Monday, November 24, 2014

Snuggled in a snug

Last Thursday MB and I headed to Clarke's pub, rumoured to serve the best pint of Guinness in County Louth.  While I can't claim to be a Guinness expert, I think they pour a mighty fine pint.  We got drinks and headed to one of the pub's many snugs.  We'd seen snugs in Canada, but didn't realize what they were until coming to Ireland.  Snugs were designed to offer privacy within a pub and were used by wealthy patrons (drinks were more expensive in the snug) or people who did not want to be seen (i.e. priests, police officers, women). Today snugs simply provide a cozy atmosphere for enjoying your beverage.  

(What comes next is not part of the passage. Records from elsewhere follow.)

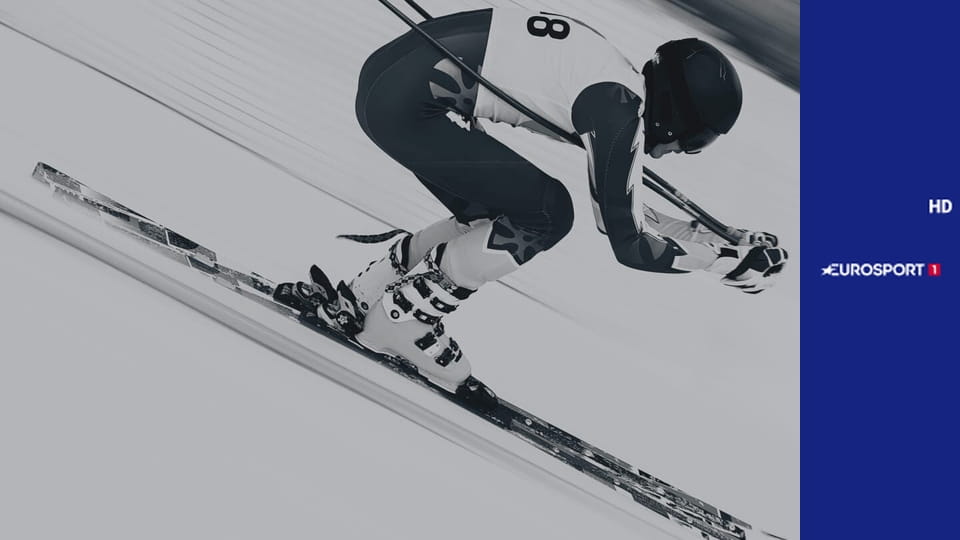 Alpesi sí: Világkupa Beaver Creek, Férfiak - Downhill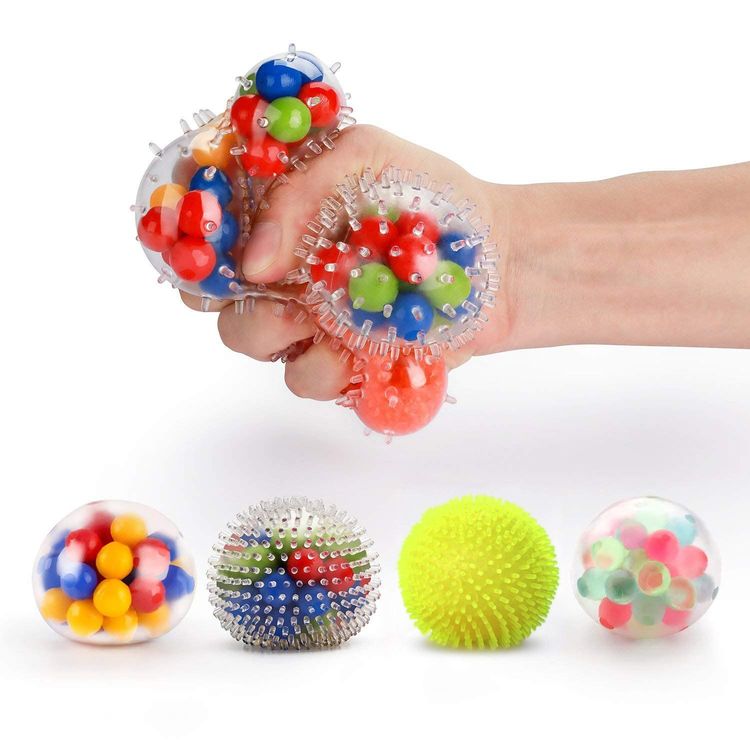 balle-anti-stress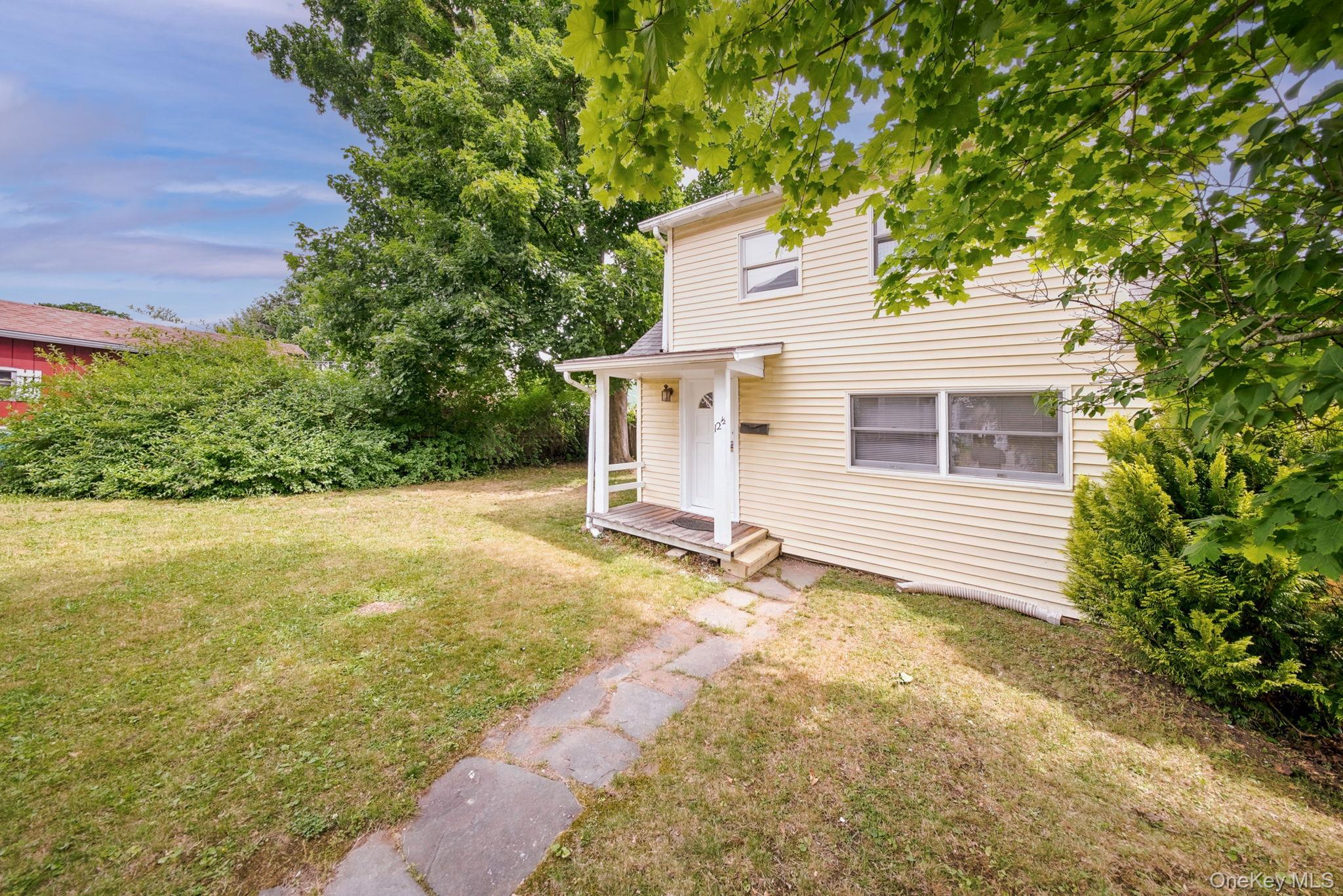 12.5 Schultz Street, Unit 3 photo 3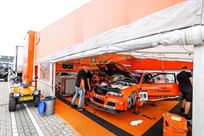 stegmaier-hospitality-in-very-good-condition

In our case the snug provided a perfect setting to write our Christmas cards.  MB is a perpetual planner and is always thinking 10 steps ahead.  In true MB fashion she wanted to send our cards extra early so they'd have lots of time to cross the Atlantic.  In true Scott fashion, I'll do anything at anytime if there is a pint involved.   With liquid inspiration in one hand and pen in the other, we got down to business.

Who knew writing Christmas cards needed this much motivation? 
Christmas Jumper or Cracking Good Christmas, which is your favourite?
MB doing the heavy lifting
Me doing the dirty work

Monday, November 10, 2014

Raking in rashers, having some happiness

Four months and one week after arriving in Ireland, I've found a job. Last week I started work at Esquires Coffee House, in the centre of Drogheda. Because in Ireland they call bacon "rashers', Scott and I joke that I am "raking in the rashers".

Inside Esquires, the site of a former bank.




















It's definitely unlike a desk job and after working 35 hours last week, my shoulders ache from carrying trays and my fingertips have perma-prune from washing dishes. I have to admit, in my weaker moments, hunched over a pile of dirty dishes with wet feet and a stained apron, I ask myself: Why am I doing this? Why did I leave a good-paying, professional job to work for minimum wage in a country I've never been to before? Why did I sell a decent house in a decent part of Halifax to rent a room in a boarding house with five construction workers from Donegal?

Because, happiness is not only about good, professional and decent. It's also about new, exciting and different. So, as I walk home through the brisk fall air, over the dark Boyne River elegantly making its way to the Irish Sea, past the pubs pumping laughter into the streets and up the steps into our shared house, I realize that I am happy.

Posing happily in my uniform before a shift.